I’ll refer back to the title of this series — Healthcare Crosses the Chasm to the Network Economy. We’re not there yet, but we’re on the verge….

This work is licensed under a Creative Commons Attribution-Share Alike 3.0 Unported License. Feel free to republish this post with attribution.

4 Comments

  1. arthurwlane on August 27, 2009 at 7:20 am

    what is a network-industry? is-healthcare one? (vince Kuraitis): http://bit.ly/sq57F – good read!



  2. Chuck on August 29, 2009 at 10:19 am

    Vince,

    Very interesting. What caught my attention on this topic was not the technology aspect, but the market aspect of health care delivery. Perhaps you’ve read “The Innovator’s Prescription” by Clayton Christensen, in which he introduces FACILITATED NETWORKS as one of three key business models that is emerging/needs to emerge in health care to improve quality and value. Interesting connection to your thrust here…



  3. Vince Kuraitis on August 30, 2009 at 10:53 am

    Chuck, You’re right…not about the technology…technology is a means, not an end.

    As I hope to convey in future posts, healthcare entering the network economy has multidimensional aspects and implications. While this series is focusing on network economics, “network” terminology is used in math, sociology, physics, physics, business, technology, business.

    Simplest explanation is that “networks” facilitate collaboration among people.
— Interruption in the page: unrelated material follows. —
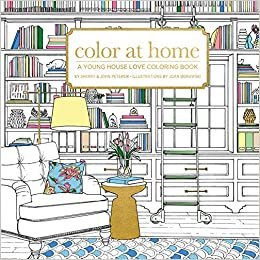 تحميل لون في المنزل: A Young المنزل مطبوع عليه Love كتاب تلوين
    Christensen’s book is excellent. His recognition of 3 elements of disruptive innovation is insightful: 1) technology enabler, 2) business model, 3) value network.



  4. AngelineIkav @ marcus evans on September 4, 2009 at 1:33 am

    This is very informative about network externalities. I have heard that previously in Public Switched Telephone Network, where the network externalities are direct in that the value that any user places on subscribing depends on the number of others with whom the preson can communicate.